For decades, if not longer, ocean protection has been a bipartisan priority. Much of this harmony has been driven by recognizing that healthy oceans are a huge economic driver. From recreation and tourism to commercial fishing, healthy oceans and sustainable resources are massive money-makers for seaside states, cities, and towns. Both protecting and restoring coastal ecosystems provide huge financial payouts. For example, a 2014 Center for American Progress study found that every dollar invested by taxpayers in coastal restoration projects returned $15 in net economic benefits.
But now, President Trump is shifting that dynamic and driving a wedge into a heretofore harmonious policy arena. Here are five specific decisions that add up to a declaration of war by the current administration on healthy oceans and coasts:
Withdrawal from the Paris Agreement
President Trump has based his decision to reject the Paris Agreement on the false claim that its voluntary targets are somehow too onerous to swallow. In reality, this decision is both immoral and irrational. The implications of failing to act on climate change are already acutely felt in the world’s oceans.
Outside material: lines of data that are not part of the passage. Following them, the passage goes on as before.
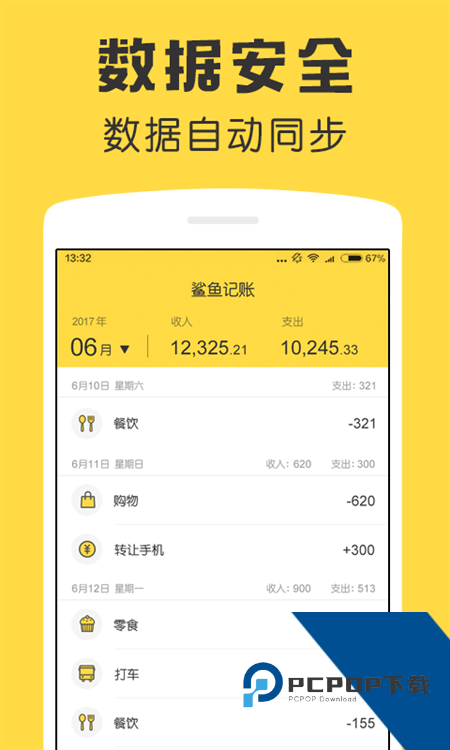 鲨鱼记账app最新版本下载 v5.55.0安卓版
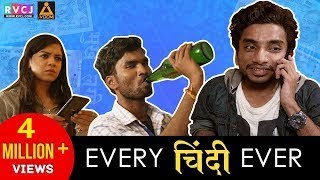 Every Chindi Ever  Ft Chote Miyan amp Nikhil Vijay  RVCJ [upl. by Grant]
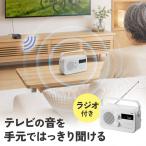 テレビスピーカー 手元スピーカー 高齢者 ラジオ ワイヤレス 送信機付き 乾電池 ワイドFM AM AC電源 2.4GHz 最大20m テレビ用 リビング ソファ 食卓 400-SP131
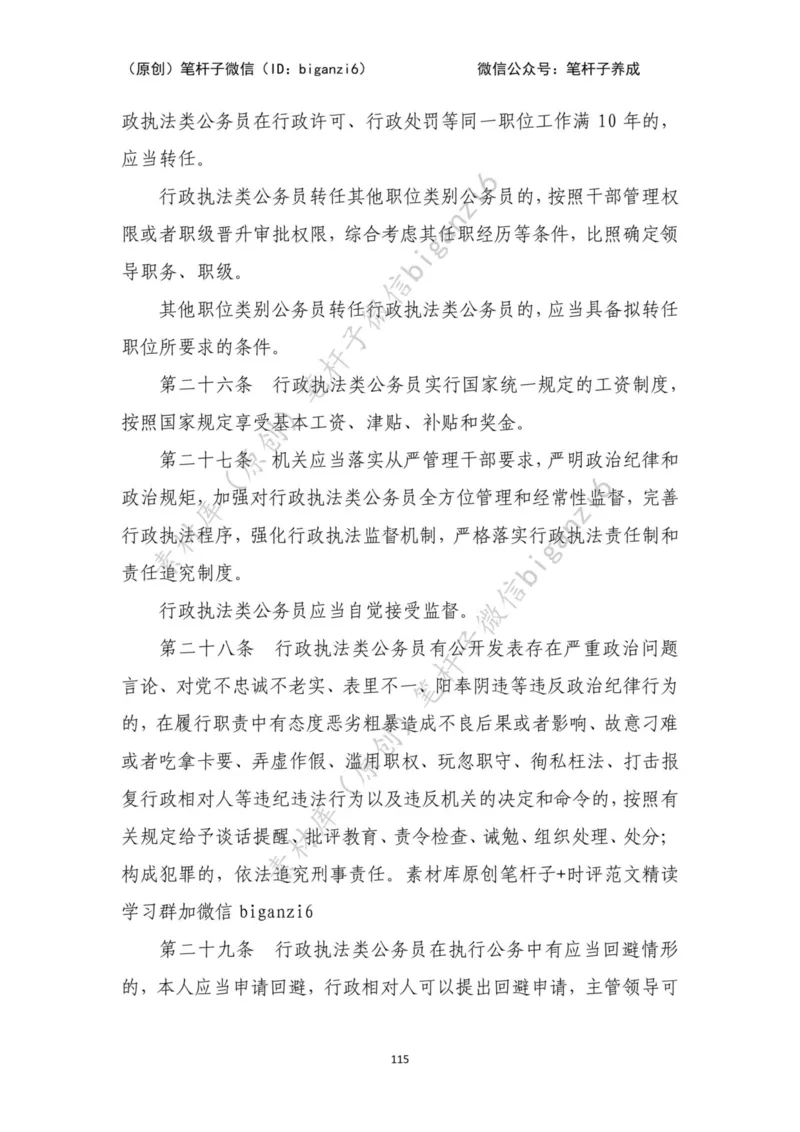 重磅宝典！笔杆子整理&middot;行政执法类素材库（2023年）_2026考公资料_（57）申论材料_00、笔杆子晨读材料_重磅宝典！笔杆子5大素材库！全力冲国考！省考！冲所有考试！无脑背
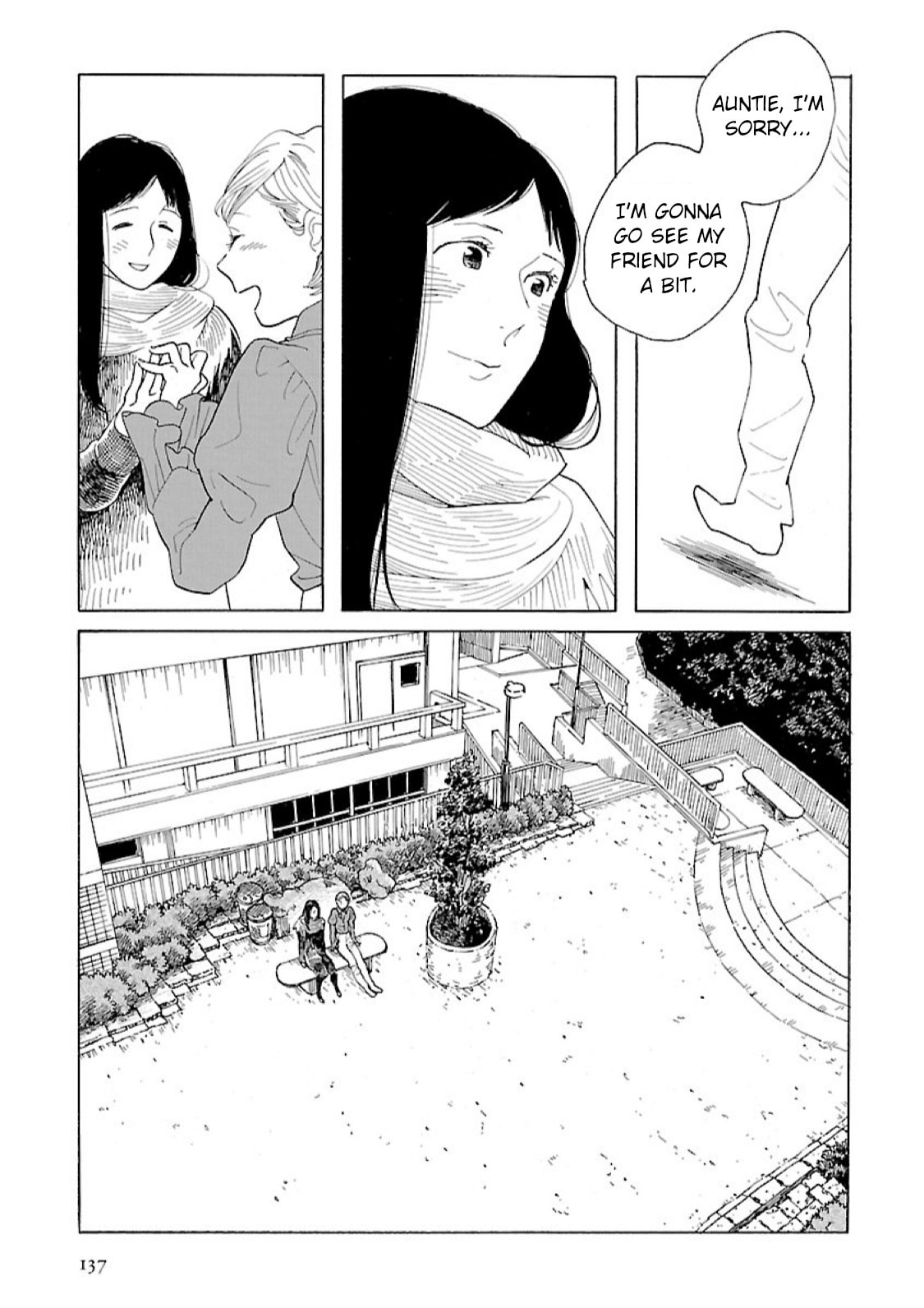 Read Awajima Hyakkei chapter 13 image 14 on Lezhin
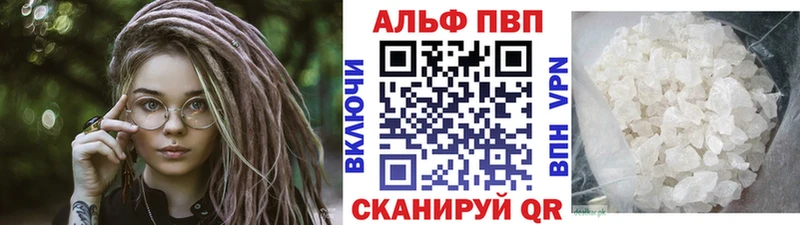 Alpha-PVP кристаллы  наркотики  Краснокаменск 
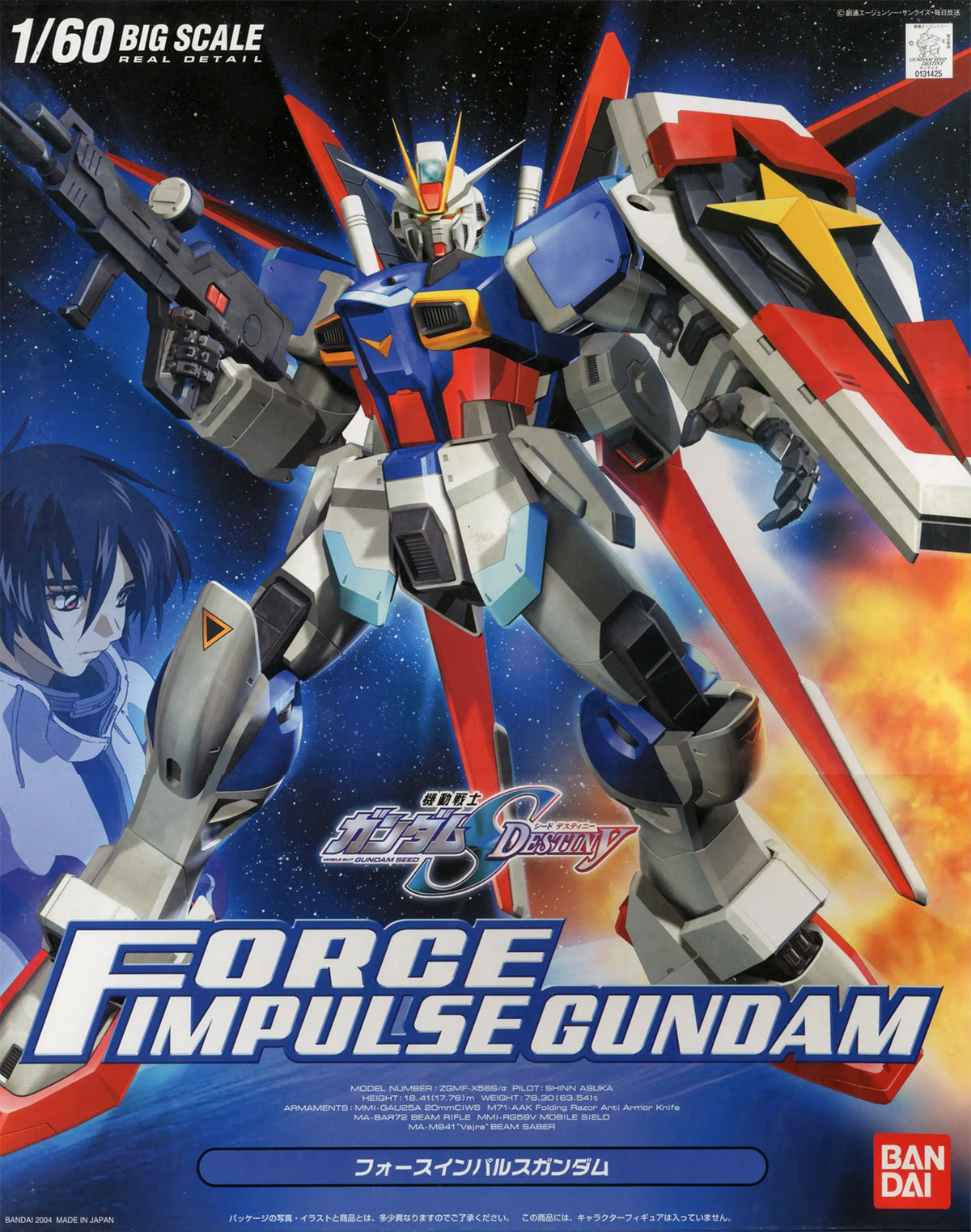Bandai 1/60 Force Impulse Gundam MK31425 - image 2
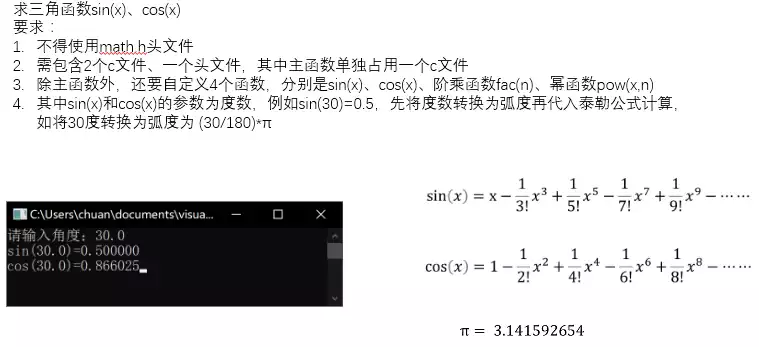 人工智能数学基础1 三角函数的定义 公式及固定角三角函数值 Helloworld开发者社区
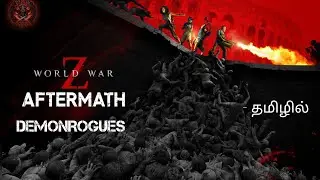 World War Z tamil gameplay subscriber can join us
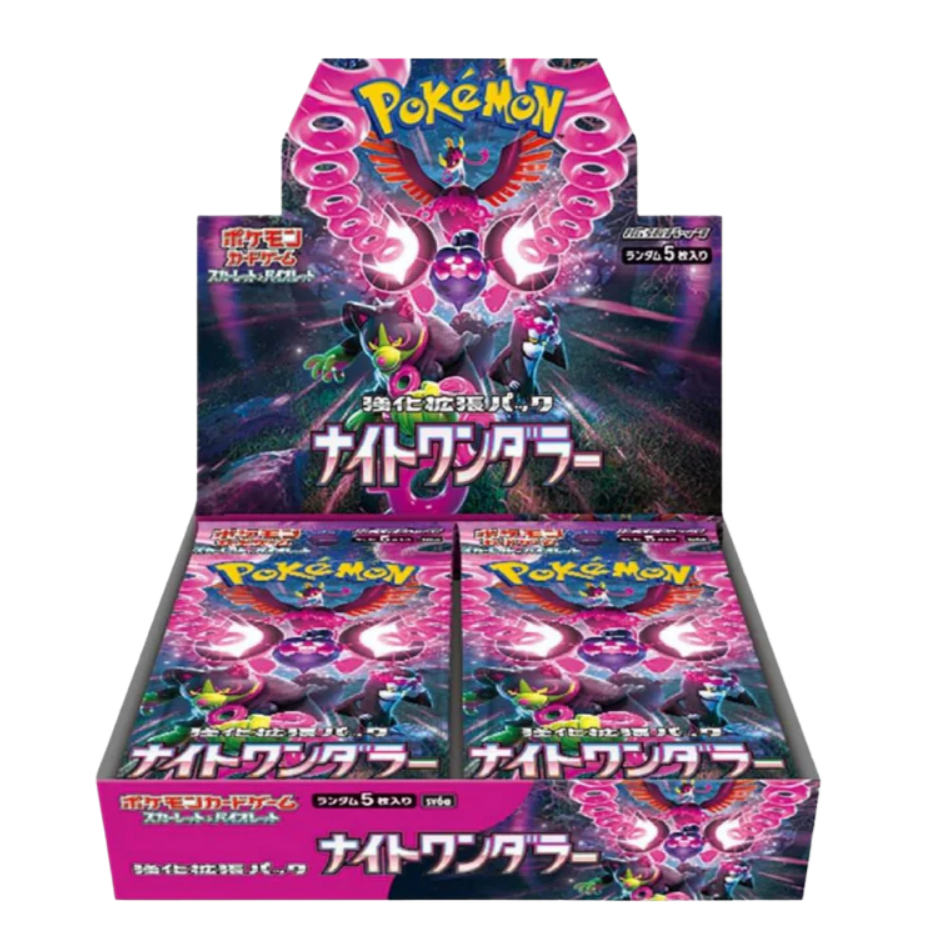 Night Wanderer Booster Box (Japanese)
Accelerating sea level rise will affect coastal communities around the globe—whether or not the administration continues suppressing statements of fact about the link between increased coastal flooding and our changing climate. Ocean acidification will continue to make life harder for oyster farmers in the Puget Sound and in estuarine areas on both coasts. And warming waters will continue to cause fish stocks to migrate into higher latitudes in search of colder water, putting at risk America’s commercial fishing industry and the very fabric of our coastal communities. Thus, President Trump’s fruitless yet highly touted effort to save roughly 75,000 coal jobs will inevitably result in huge employment losses among the ranks of the roughly 2.9 million non-minerals extraction-related jobs that comprise America’s coastal economy, according to a 2016 report from the National Ocean Economics Program.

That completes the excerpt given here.